● REQUIRED WORK
Write out the lines of the material below exactly, beginning at the line with "Used 2025 Land" and stopping after the line with "廃盤シリーズ　ノリタケ　シェフィールドSHEFFIELDカップ＆ソーサー", and leave out the pictures.

● DATA PROVIDED
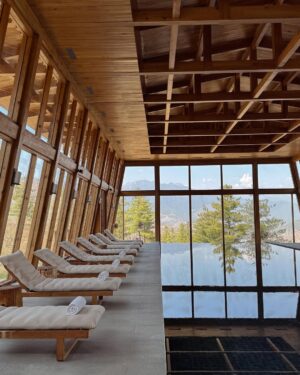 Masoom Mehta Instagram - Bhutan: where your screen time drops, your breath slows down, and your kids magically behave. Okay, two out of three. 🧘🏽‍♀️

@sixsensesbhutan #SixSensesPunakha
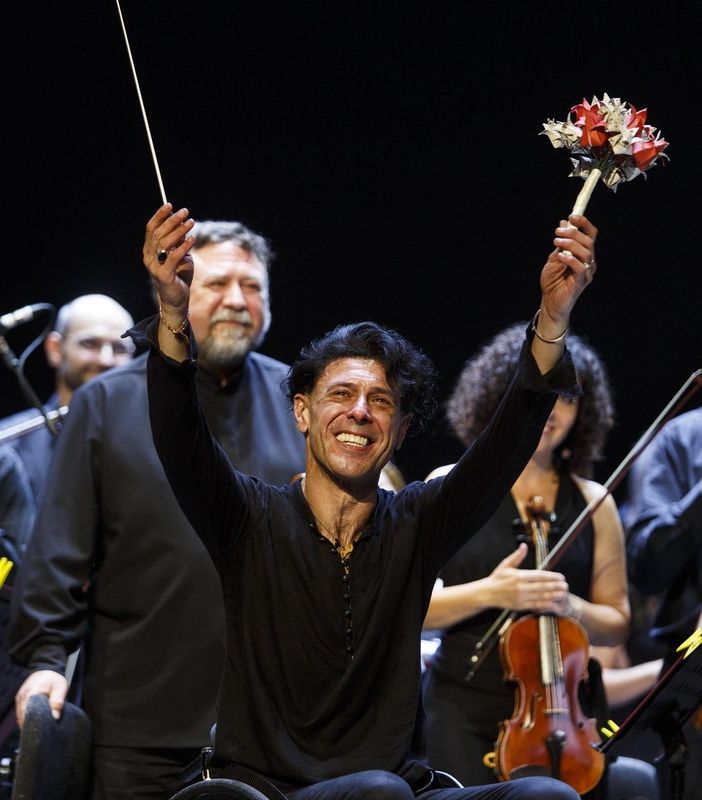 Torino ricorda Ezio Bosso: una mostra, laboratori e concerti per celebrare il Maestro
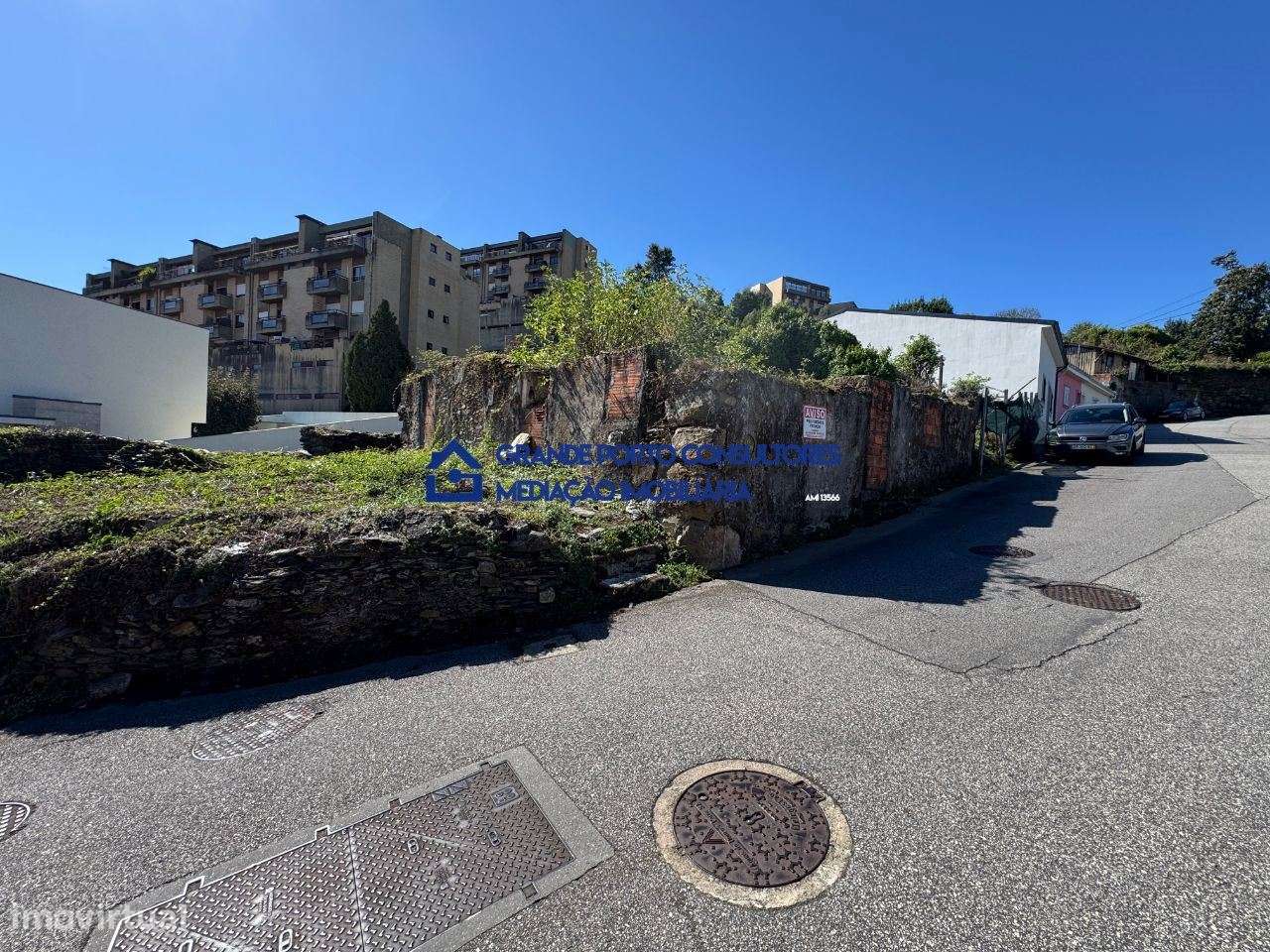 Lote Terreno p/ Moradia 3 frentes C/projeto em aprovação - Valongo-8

...

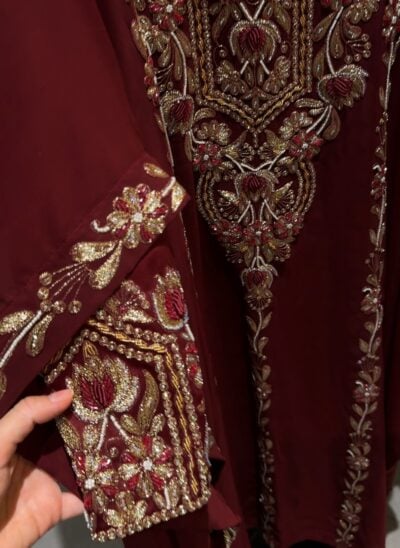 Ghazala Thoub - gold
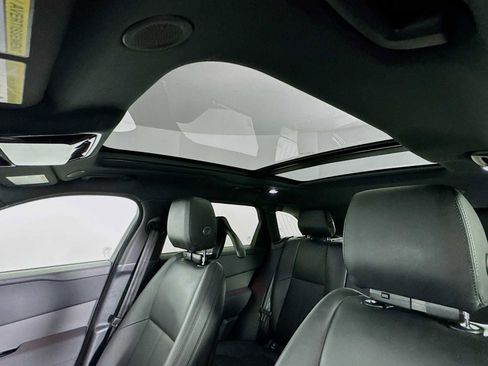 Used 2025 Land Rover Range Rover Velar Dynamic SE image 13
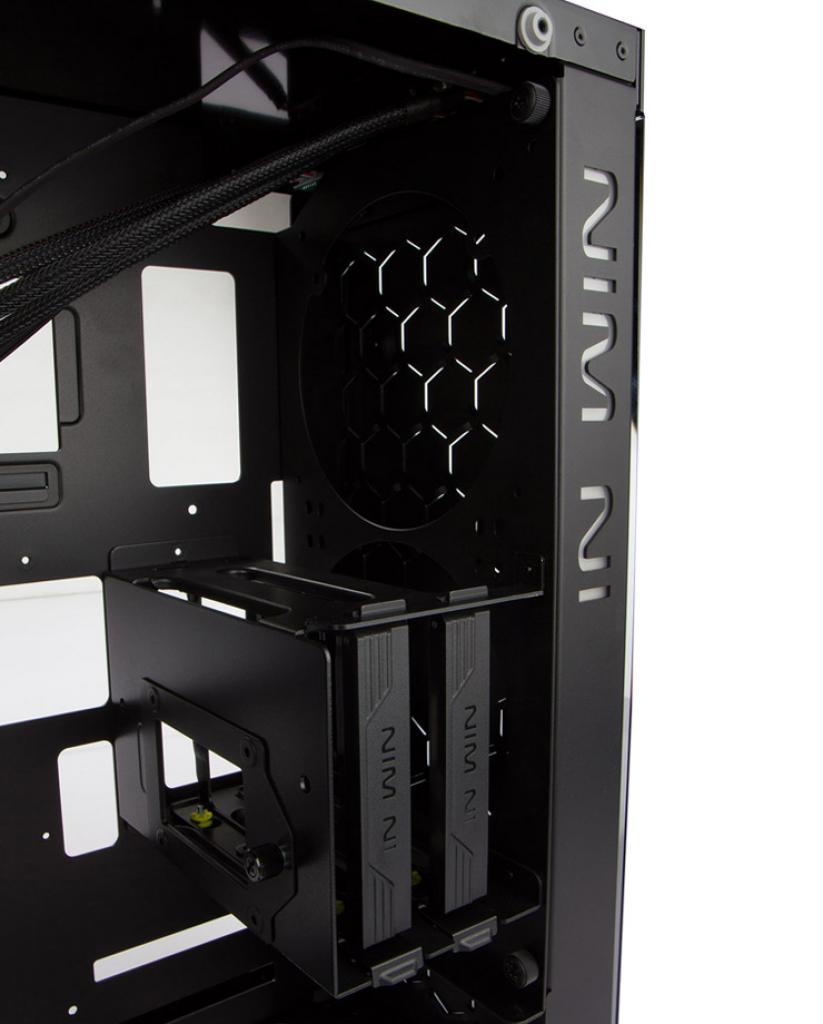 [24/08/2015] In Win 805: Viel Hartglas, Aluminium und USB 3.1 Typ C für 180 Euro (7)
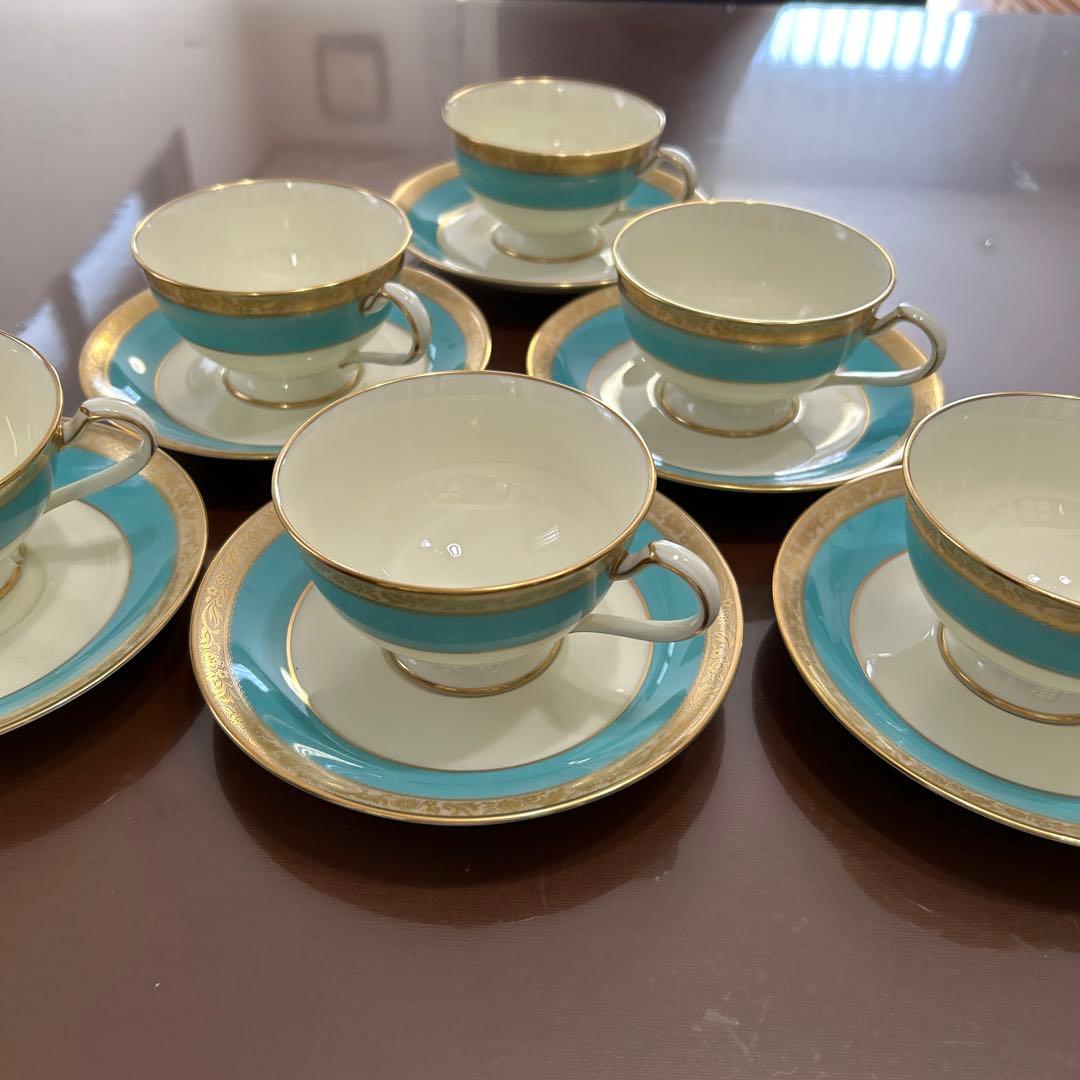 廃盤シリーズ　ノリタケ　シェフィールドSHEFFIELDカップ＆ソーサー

● TASK RESULT
 Used 2025 Land Rover Range Rover Velar Dynamic SE image 13
 [24/08/2015] In Win 805: Viel Hartglas, Aluminium und USB 3.1 Typ C für 180 Euro (7)
 廃盤シリーズ　ノリタケ　シェフィールドSHEFFIELDカップ＆ソーサー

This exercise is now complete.